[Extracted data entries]
----

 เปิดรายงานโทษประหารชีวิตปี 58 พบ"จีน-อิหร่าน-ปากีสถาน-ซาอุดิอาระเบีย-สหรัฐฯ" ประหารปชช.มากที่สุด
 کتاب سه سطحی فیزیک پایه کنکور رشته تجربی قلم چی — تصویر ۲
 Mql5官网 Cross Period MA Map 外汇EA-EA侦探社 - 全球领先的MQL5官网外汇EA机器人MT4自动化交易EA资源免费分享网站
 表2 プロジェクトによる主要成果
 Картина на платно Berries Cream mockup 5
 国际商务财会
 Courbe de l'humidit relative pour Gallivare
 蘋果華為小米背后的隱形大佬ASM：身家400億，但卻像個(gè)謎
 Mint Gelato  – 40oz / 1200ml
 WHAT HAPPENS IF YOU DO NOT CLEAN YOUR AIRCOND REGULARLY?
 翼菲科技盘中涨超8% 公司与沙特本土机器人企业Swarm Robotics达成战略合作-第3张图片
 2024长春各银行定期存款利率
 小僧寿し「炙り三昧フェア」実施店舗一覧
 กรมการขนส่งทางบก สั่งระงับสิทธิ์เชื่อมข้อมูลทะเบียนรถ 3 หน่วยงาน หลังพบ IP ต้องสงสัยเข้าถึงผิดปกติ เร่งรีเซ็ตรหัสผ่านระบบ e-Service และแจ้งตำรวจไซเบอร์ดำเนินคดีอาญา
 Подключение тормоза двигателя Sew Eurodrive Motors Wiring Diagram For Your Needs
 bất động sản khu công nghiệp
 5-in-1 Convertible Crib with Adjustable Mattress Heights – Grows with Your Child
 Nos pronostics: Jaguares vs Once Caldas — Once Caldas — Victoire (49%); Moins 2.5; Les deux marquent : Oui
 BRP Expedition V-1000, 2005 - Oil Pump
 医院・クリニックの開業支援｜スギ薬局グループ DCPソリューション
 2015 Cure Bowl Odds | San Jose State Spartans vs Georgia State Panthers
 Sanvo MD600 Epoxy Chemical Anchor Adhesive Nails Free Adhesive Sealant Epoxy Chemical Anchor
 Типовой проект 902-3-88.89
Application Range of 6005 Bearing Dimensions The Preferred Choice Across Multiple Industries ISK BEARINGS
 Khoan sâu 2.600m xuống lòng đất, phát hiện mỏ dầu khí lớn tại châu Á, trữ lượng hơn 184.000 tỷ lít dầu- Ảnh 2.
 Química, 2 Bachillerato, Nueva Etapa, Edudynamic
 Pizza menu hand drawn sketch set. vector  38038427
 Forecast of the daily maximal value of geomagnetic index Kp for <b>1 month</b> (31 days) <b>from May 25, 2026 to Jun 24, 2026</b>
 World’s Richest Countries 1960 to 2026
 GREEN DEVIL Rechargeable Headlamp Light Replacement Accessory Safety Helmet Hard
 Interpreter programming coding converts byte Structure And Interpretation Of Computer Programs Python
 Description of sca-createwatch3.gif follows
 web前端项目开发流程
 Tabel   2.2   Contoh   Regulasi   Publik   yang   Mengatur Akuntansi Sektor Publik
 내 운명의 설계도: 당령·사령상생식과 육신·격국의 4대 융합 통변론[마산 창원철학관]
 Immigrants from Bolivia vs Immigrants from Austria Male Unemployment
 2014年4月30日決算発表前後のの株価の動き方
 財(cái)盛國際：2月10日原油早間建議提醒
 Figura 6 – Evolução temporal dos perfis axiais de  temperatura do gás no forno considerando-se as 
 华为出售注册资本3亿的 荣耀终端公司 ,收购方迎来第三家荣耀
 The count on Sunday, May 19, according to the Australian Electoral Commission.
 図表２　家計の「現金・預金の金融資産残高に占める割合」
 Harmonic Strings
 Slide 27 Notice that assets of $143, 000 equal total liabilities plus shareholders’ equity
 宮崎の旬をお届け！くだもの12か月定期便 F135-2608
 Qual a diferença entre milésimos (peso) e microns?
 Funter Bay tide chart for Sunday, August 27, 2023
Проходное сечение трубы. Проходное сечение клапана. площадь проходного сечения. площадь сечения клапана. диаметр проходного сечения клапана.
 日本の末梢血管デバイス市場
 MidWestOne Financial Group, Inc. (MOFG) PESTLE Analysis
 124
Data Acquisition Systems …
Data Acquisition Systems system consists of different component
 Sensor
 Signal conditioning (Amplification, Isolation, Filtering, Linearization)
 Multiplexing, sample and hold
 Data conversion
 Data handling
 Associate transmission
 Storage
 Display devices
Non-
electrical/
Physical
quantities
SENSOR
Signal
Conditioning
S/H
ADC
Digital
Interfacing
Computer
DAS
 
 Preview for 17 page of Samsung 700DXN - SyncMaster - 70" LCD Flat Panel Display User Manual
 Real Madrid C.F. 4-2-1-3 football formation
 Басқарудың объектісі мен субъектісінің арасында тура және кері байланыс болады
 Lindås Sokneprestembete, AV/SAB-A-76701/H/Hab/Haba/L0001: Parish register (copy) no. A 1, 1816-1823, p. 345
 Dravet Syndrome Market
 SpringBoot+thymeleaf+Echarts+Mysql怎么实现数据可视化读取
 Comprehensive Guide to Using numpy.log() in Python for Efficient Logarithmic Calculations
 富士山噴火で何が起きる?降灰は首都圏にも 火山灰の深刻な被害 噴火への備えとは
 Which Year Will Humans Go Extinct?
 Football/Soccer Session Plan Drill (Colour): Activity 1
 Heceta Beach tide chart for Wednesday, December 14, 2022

----

[Task to complete]
Your task is to reproduce all the records above exactly as they appear.

[Result for this exercise]
 เปิดรายงานโทษประหารชีวิตปี 58 พบ"จีน-อิหร่าน-ปากีสถาน-ซาอุดิอาระเบีย-สหรัฐฯ" ประหารปชช.มากที่สุด
 کتاب سه سطحی فیزیک پایه کنکور رشته تجربی قلم چی — تصویر ۲
 Mql5官网 Cross Period MA Map 外汇EA-EA侦探社 - 全球领先的MQL5官网外汇EA机器人MT4自动化交易EA资源免费分享网站
 表2 プロジェクトによる主要成果
 Картина на платно Berries Cream mockup 5
 国际商务财会
 Courbe de l'humidit relative pour Gallivare
 蘋果華為小米背后的隱形大佬ASM：身家400億，但卻像個(gè)謎
 Mint Gelato  – 40oz / 1200ml
 WHAT HAPPENS IF YOU DO NOT CLEAN YOUR AIRCOND REGULARLY?
 翼菲科技盘中涨超8% 公司与沙特本土机器人企业Swarm Robotics达成战略合作-第3张图片
 2024长春各银行定期存款利率
 小僧寿し「炙り三昧フェア」実施店舗一覧
 กรมการขนส่งทางบก สั่งระงับสิทธิ์เชื่อมข้อมูลทะเบียนรถ 3 หน่วยงาน หลังพบ IP ต้องสงสัยเข้าถึงผิดปกติ เร่งรีเซ็ตรหัสผ่านระบบ e-Service และแจ้งตำรวจไซเบอร์ดำเนินคดีอาญา
 Подключение тормоза двигателя Sew Eurodrive Motors Wiring Diagram For Your Needs
 bất động sản khu công nghiệp
 5-in-1 Convertible Crib with Adjustable Mattress Heights – Grows with Your Child
 Nos pronostics: Jaguares vs Once Caldas — Once Caldas — Victoire (49%); Moins 2.5; Les deux marquent : Oui
 BRP Expedition V-1000, 2005 - Oil Pump
 医院・クリニックの開業支援｜スギ薬局グループ DCPソリューション
 2015 Cure Bowl Odds | San Jose State Spartans vs Georgia State Panthers
 Sanvo MD600 Epoxy Chemical Anchor Adhesive Nails Free Adhesive Sealant Epoxy Chemical Anchor
 Типовой проект 902-3-88.89
Application Range of 6005 Bearing Dimensions The Preferred Choice Across Multiple Industries ISK BEARINGS
 Khoan sâu 2.600m xuống lòng đất, phát hiện mỏ dầu khí lớn tại châu Á, trữ lượng hơn 184.000 tỷ lít dầu- Ảnh 2.
 Química, 2 Bachillerato, Nueva Etapa, Edudynamic
 Pizza menu hand drawn sketch set. vector  38038427
 Forecast of the daily maximal value of geomagnetic index Kp for <b>1 month</b> (31 days) <b>from May 25, 2026 to Jun 24, 2026</b>
 World’s Richest Countries 1960 to 2026
 GREEN DEVIL Rechargeable Headlamp Light Replacement Accessory Safety Helmet Hard
 Interpreter programming coding converts byte Structure And Interpretation Of Computer Programs Python
 Description of sca-createwatch3.gif follows
 web前端项目开发流程
 Tabel   2.2   Contoh   Regulasi   Publik   yang   Mengatur Akuntansi Sektor Publik
 내 운명의 설계도: 당령·사령상생식과 육신·격국의 4대 융합 통변론[마산 창원철학관]
 Immigrants from Bolivia vs Immigrants from Austria Male Unemployment
 2014年4月30日決算発表前後のの株価の動き方
 財(cái)盛國際：2月10日原油早間建議提醒
 Figura 6 – Evolução temporal dos perfis axiais de  temperatura do gás no forno considerando-se as 
 华为出售注册资本3亿的 荣耀终端公司 ,收购方迎来第三家荣耀
 The count on Sunday, May 19, according to the Australian Electoral Commission.
 図表２　家計の「現金・預金の金融資産残高に占める割合」
 Harmonic Strings
 Slide 27 Notice that assets of $143, 000 equal total liabilities plus shareholders’ equity
 宮崎の旬をお届け！くだもの12か月定期便 F135-2608
 Qual a diferença entre milésimos (peso) e microns?
 Funter Bay tide chart for Sunday, August 27, 2023
Проходное сечение трубы. Проходное сечение клапана. площадь проходного сечения. площадь сечения клапана. диаметр проходного сечения клапана.
 日本の末梢血管デバイス市場
 MidWestOne Financial Group, Inc. (MOFG) PESTLE Analysis
 124
Data Acquisition Systems …
Data Acquisition Systems system consists of different component
 Sensor
 Signal conditioning (Amplification, Isolation, Filtering, Linearization)
 Multiplexing, sample and hold
 Data conversion
 Data handling
 Associate transmission
 Storage
 Display devices
Non-
electrical/
Physical
quantities
SENSOR
Signal
Conditioning
S/H
ADC
Digital
Interfacing
Computer
DAS
 
 Preview for 17 page of Samsung 700DXN - SyncMaster - 70" LCD Flat Panel Display User Manual
 Real Madrid C.F. 4-2-1-3 football formation
 Басқарудың объектісі мен субъектісінің арасында тура және кері байланыс болады
 Lindås Sokneprestembete, AV/SAB-A-76701/H/Hab/Haba/L0001: Parish register (copy) no. A 1, 1816-1823, p. 345
 Dravet Syndrome Market
 SpringBoot+thymeleaf+Echarts+Mysql怎么实现数据可视化读取
 Comprehensive Guide to Using numpy.log() in Python for Efficient Logarithmic Calculations
 富士山噴火で何が起きる?降灰は首都圏にも 火山灰の深刻な被害 噴火への備えとは
 Which Year Will Humans Go Extinct?
 Football/Soccer Session Plan Drill (Colour): Activity 1
 Heceta Beach tide chart for Wednesday, December 14, 2022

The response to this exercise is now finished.